内田康夫夫人であり、作家・エッセイストでもある早坂真紀の随想を不定期でお届け致します。
54年前のラブレター
2021.11.14 Sun
夫が逝って3年8ヶ月が過ぎた。
夫が逝った年の6ヶ月後に遺産相続の手続きは済んだ。しかしその後に相続の申告に漏れはないか、国税局の調査が入ることを知った。
我が家の収入は全て銀行振り込みだから隠しようがない。それでも生命保険だとか、例えばゴルフの会員権だとか、金塊などの申告漏れがないかなどを調べるのだそうだ。
夫は執筆が究極の趣味のようなものだから、ゴルフの会員権などに興味はないし、まして金塊だなんてそんなものに興味もない。

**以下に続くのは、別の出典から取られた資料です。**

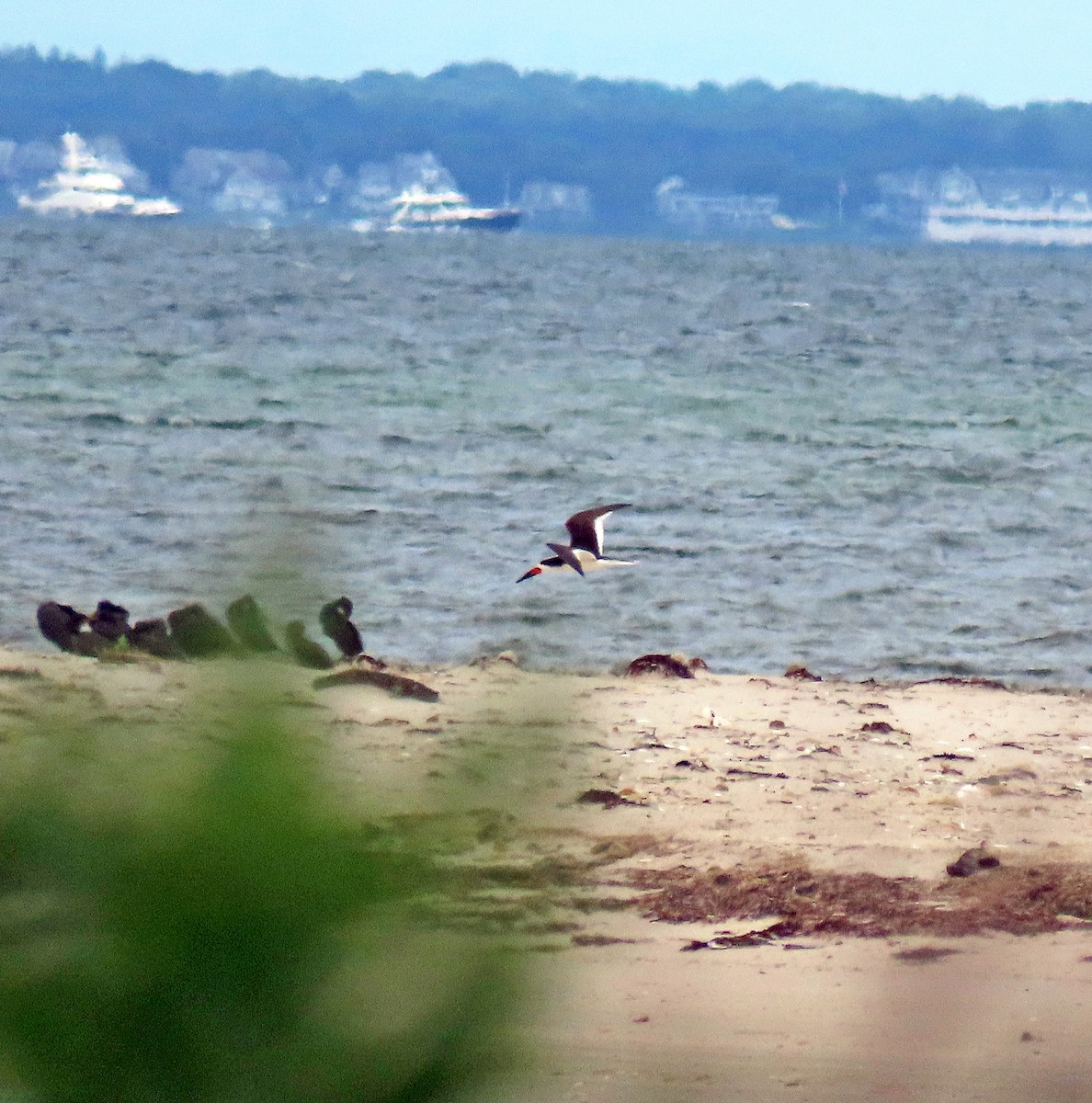 Black Skimmer - ML603418861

しかし家の中を調べる調査だからコロナ禍のために先送りになっていて、この10月下旬に軽井沢の自宅と銀行の貸金庫、11月上旬に東京のマンションの調査が行われた。
法律上義務づけられていることなので仕方ないが、貸金庫の調査のとき、胸キュンのものが出てきた。54年前の夫からのラブレターと、52年前の私への想いを走り書きした原稿用紙だ。用紙がかなり劣化が進んでいただけに、過ぎ去った時間が切ない。

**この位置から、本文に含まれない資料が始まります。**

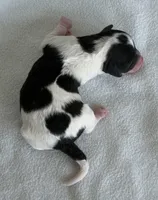 Piper, a female Poodle - Toy  for sale in Monroe, NC – Photo 6 of 10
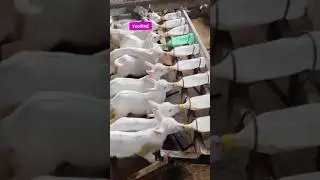 Feeding Calf #ytshorts #dairybusiness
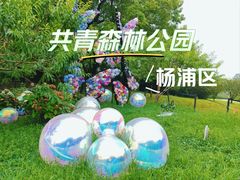 -上海共青森林公园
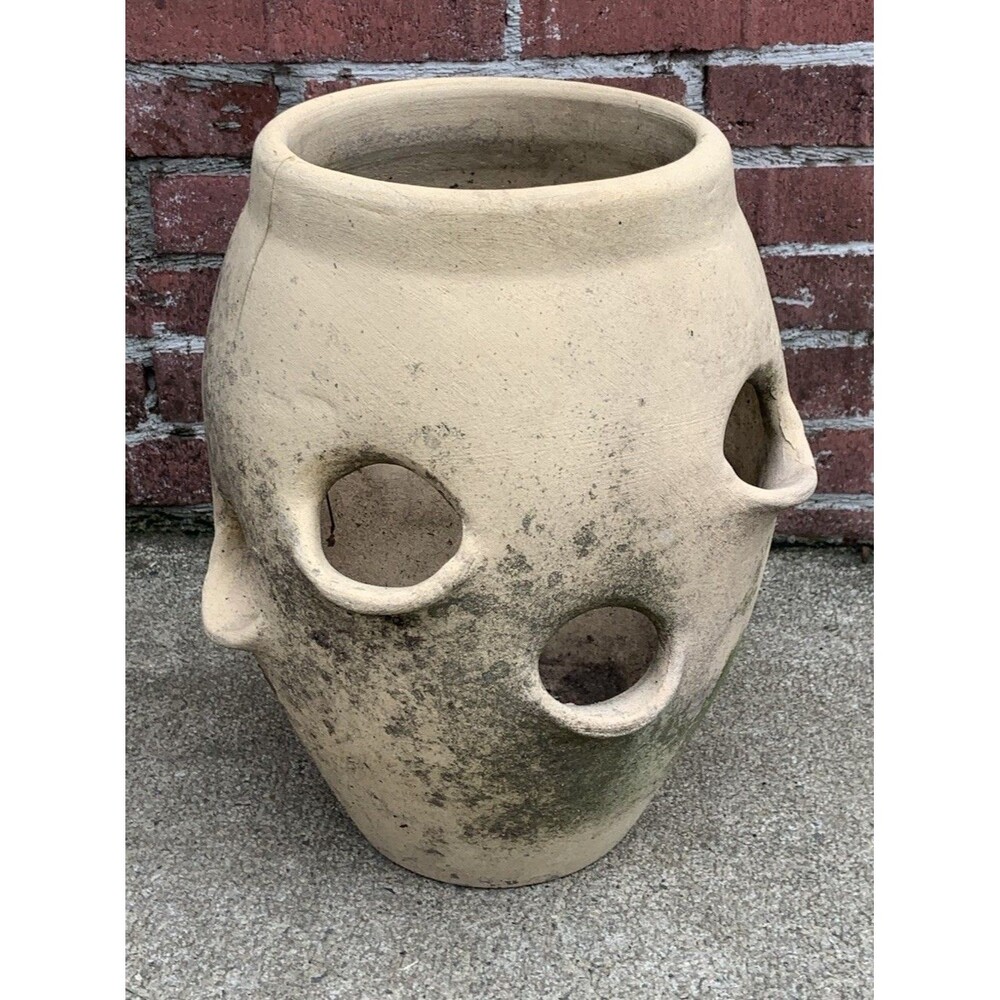 Vintage Weathered Strawberry Herb Pot Planter Hen Chicks Succulent Old Pottery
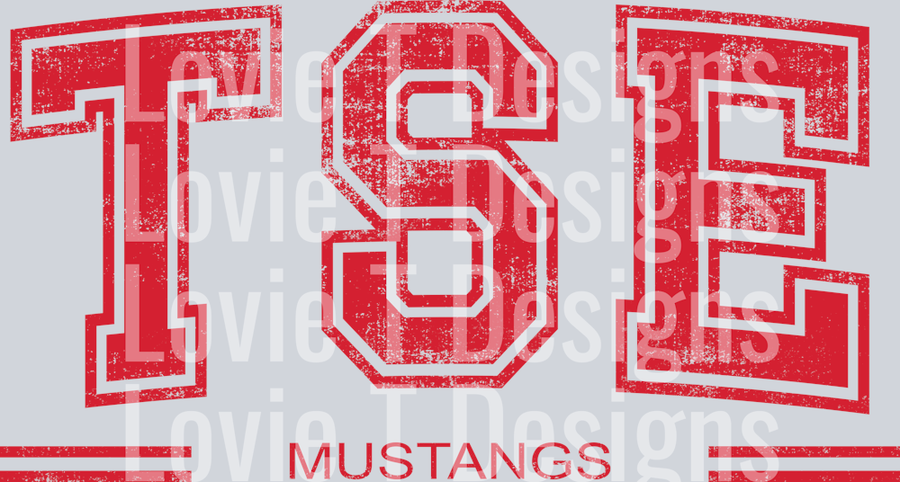 Distressed Varsity TSE MUSTANGS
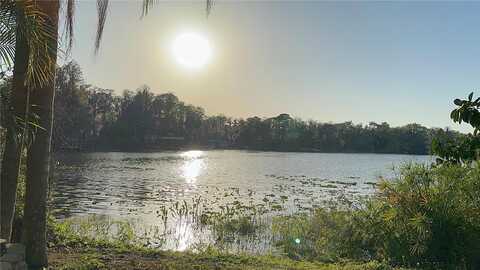 Rowland, ODESSA, FL 33556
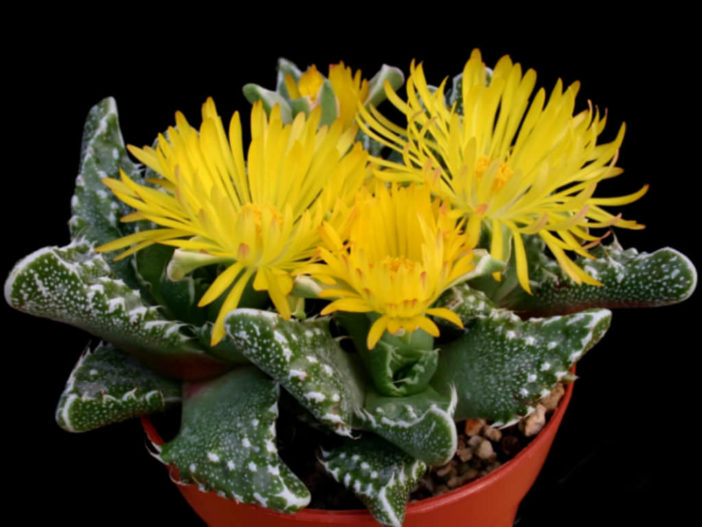 Faucaria felina subsp. tuberculosa (Pebbled Tiger Jaws) aka Faucaria tuberculosa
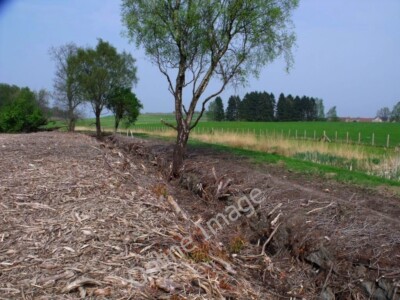 Photo 6x4 Larbert House Policies Interesting ditch which runs in a north, c2011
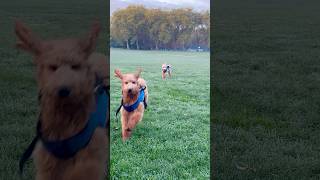 Labradoodle puppy and Goldendoodle puppy in London park Dog walk [upl. by Eiramalegna]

ノロケっぽくなるけど、改めて読み直すと初々しく切々とした私への想いが綴られていた。これでは私がノックアウトされてしまうはずだし、文章に将来の作家の片鱗を感じさせた。
ラブレターのことは、たぶん拙著『一枚の絵の中に』に書いてあったと思うが、走り書きの生原稿(?)を読み直すと、貧しかったけど若かったあの頃の自分を思い出して、胸がキュンではなく、熱い想いがこみ上げてきて息苦しくなっていた。
親の財産を貰ったわけでなく二人で一所懸命働いていつの間にか老いて、気が付けば右肩上がりの豊かさの中に、しあわせな自分が今ここにいた。
しかし……。夫はしあわせな人だった(たぶん!)。
愛してやまない女性(ごめんなさい!私のことです)をゲットして、作家になるつもりではなかったのに多くの作品を残した。そしてコロナ禍を知らずに愛してやまない女性(ごめんなさい!私のことです)に看取られて、「生まれ変わってもまた結婚してくれる?」と、微笑みながら旅立って行った。
いずれ夫が私を迎えに来たとき、この手紙や原稿用紙を持って行ったら、たぶん彼は大いにテレまくり「あれは若さがさせた愚かな錯覚だよ」と言うに違いない。そのことを友人に言ったら、その様子が目に見えると大笑いされた。